Task objective | Below this line is a set of entries; quote exactly the lines from the line that contains "Josephine Vibrant Yellow" to the line that contains "高市早苗首相（左）と中道・小川淳也代表", both lines included.

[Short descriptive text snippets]
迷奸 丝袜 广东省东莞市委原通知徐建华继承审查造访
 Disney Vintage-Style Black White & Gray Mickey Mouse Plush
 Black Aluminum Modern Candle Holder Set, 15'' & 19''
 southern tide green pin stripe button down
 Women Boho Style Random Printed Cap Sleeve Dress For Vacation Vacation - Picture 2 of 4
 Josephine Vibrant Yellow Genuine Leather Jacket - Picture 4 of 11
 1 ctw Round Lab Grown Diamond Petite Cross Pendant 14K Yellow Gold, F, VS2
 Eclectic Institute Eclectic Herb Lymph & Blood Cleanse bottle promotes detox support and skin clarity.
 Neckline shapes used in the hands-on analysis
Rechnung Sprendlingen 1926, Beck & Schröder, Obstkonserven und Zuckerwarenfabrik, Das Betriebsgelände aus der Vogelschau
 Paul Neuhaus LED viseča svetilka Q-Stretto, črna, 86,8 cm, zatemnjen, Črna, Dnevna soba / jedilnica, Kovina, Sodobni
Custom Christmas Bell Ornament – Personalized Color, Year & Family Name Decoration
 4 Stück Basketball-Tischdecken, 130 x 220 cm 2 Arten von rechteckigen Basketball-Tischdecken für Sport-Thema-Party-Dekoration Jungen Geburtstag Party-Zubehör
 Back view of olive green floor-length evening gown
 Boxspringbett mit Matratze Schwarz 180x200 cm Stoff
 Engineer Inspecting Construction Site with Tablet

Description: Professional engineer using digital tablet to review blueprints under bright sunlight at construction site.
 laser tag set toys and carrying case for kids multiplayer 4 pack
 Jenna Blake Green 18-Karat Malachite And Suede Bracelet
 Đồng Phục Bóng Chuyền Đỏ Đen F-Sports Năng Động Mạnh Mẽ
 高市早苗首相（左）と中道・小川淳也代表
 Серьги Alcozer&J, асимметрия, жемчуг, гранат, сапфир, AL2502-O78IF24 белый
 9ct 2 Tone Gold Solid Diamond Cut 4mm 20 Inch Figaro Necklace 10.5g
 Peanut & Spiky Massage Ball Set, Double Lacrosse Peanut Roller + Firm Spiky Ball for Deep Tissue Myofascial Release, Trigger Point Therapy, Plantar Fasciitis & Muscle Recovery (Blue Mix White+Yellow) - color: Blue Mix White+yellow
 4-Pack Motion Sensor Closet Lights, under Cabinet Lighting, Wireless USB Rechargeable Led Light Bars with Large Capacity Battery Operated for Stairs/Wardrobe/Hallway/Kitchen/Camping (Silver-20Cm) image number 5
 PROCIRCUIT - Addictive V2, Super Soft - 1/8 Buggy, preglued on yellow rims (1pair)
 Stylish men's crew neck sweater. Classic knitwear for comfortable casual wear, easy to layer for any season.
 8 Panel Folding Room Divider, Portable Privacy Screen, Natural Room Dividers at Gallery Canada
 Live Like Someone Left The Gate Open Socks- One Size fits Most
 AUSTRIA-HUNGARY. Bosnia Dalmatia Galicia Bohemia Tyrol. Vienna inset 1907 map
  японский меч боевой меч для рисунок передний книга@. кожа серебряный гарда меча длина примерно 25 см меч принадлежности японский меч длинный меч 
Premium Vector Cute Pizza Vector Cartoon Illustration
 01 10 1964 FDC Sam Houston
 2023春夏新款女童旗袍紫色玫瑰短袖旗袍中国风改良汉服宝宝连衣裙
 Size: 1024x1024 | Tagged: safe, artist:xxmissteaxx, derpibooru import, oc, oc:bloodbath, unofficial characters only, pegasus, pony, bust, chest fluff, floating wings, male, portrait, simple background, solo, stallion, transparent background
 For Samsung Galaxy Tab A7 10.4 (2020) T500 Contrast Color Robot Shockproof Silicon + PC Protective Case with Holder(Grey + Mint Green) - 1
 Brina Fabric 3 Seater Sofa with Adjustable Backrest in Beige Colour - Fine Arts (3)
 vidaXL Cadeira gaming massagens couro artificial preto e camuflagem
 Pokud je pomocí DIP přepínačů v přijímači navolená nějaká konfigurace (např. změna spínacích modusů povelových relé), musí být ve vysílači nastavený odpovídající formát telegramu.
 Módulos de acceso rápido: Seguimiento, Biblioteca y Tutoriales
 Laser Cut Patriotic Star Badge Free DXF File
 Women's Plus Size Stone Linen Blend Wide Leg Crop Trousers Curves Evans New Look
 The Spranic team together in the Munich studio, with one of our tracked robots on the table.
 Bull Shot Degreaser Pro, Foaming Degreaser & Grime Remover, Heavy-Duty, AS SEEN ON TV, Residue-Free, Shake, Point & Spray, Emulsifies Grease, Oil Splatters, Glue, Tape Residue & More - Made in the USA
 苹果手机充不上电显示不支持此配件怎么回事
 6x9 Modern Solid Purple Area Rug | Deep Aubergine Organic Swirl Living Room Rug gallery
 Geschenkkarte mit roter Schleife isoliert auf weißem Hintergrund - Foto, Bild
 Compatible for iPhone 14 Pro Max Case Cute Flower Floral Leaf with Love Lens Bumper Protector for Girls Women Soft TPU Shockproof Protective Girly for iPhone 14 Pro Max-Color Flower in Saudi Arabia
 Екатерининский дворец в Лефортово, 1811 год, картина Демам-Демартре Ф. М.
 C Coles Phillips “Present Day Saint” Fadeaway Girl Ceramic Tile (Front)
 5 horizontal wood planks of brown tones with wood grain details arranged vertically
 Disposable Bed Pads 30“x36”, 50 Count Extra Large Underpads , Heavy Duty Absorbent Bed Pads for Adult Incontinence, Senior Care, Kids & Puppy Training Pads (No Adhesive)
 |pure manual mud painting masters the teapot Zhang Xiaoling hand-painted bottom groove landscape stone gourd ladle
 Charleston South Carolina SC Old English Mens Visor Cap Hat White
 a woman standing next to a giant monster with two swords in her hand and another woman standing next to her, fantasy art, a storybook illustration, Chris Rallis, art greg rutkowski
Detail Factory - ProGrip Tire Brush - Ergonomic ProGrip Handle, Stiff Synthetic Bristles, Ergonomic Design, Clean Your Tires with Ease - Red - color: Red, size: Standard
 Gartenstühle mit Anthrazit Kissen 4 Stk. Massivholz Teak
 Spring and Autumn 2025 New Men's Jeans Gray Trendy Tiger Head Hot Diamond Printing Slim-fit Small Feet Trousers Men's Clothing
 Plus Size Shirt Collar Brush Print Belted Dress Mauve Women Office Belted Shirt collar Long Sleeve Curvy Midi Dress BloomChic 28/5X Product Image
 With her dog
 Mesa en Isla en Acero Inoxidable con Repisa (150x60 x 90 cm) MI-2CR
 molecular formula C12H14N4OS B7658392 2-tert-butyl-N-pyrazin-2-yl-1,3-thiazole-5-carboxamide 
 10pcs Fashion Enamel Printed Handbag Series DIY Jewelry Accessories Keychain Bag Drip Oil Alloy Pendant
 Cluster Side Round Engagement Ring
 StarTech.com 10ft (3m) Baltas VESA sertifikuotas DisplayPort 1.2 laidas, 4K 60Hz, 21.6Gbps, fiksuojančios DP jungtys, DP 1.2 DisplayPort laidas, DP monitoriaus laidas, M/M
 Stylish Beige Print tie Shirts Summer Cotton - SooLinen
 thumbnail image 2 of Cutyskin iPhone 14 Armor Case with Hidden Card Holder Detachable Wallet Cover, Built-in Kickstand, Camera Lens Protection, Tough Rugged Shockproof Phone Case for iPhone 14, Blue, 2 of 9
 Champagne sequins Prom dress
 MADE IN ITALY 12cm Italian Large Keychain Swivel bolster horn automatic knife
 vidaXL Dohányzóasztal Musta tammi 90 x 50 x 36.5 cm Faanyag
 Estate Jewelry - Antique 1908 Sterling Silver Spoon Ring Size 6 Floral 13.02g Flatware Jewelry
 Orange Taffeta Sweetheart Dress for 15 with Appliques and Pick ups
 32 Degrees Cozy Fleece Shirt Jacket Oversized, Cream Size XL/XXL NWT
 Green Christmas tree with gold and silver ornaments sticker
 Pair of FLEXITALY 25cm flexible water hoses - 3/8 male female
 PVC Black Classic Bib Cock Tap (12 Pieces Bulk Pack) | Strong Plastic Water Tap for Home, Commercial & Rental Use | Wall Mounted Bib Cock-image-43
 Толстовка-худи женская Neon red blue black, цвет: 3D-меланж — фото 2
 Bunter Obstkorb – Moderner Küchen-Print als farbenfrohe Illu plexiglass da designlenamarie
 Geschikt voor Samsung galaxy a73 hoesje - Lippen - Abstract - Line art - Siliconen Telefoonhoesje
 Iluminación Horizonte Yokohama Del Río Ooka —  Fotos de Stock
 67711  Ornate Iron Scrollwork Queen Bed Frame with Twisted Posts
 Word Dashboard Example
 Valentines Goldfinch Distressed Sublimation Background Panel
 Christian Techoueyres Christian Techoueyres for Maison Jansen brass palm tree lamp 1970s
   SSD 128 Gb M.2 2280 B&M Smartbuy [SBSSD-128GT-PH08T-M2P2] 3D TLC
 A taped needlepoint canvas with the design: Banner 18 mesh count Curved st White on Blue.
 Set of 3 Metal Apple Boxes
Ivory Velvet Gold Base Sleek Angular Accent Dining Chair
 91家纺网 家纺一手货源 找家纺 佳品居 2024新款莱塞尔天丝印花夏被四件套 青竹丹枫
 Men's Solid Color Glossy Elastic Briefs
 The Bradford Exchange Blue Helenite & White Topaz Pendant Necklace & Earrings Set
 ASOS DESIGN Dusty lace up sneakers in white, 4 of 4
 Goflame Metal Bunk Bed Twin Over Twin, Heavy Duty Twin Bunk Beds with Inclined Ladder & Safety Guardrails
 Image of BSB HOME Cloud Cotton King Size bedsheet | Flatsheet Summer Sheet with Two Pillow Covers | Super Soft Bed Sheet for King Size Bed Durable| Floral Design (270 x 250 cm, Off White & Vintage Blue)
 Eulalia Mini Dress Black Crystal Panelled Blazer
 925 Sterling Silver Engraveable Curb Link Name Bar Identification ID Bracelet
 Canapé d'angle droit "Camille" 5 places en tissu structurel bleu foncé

Solution to the exercise |
 Josephine Vibrant Yellow Genuine Leather Jacket - Picture 4 of 11
 1 ctw Round Lab Grown Diamond Petite Cross Pendant 14K Yellow Gold, F, VS2
 Eclectic Institute Eclectic Herb Lymph & Blood Cleanse bottle promotes detox support and skin clarity.
 Neckline shapes used in the hands-on analysis
Rechnung Sprendlingen 1926, Beck & Schröder, Obstkonserven und Zuckerwarenfabrik, Das Betriebsgelände aus der Vogelschau
 Paul Neuhaus LED viseča svetilka Q-Stretto, črna, 86,8 cm, zatemnjen, Črna, Dnevna soba / jedilnica, Kovina, Sodobni
Custom Christmas Bell Ornament – Personalized Color, Year & Family Name Decoration
 4 Stück Basketball-Tischdecken, 130 x 220 cm 2 Arten von rechteckigen Basketball-Tischdecken für Sport-Thema-Party-Dekoration Jungen Geburtstag Party-Zubehör
 Back view of olive green floor-length evening gown
 Boxspringbett mit Matratze Schwarz 180x200 cm Stoff
 Engineer Inspecting Construction Site with Tablet

Description: Professional engineer using digital tablet to review blueprints under bright sunlight at construction site.
 laser tag set toys and carrying case for kids multiplayer 4 pack
 Jenna Blake Green 18-Karat Malachite And Suede Bracelet
 Đồng Phục Bóng Chuyền Đỏ Đen F-Sports Năng Động Mạnh Mẽ
 高市早苗首相（左）と中道・小川淳也代表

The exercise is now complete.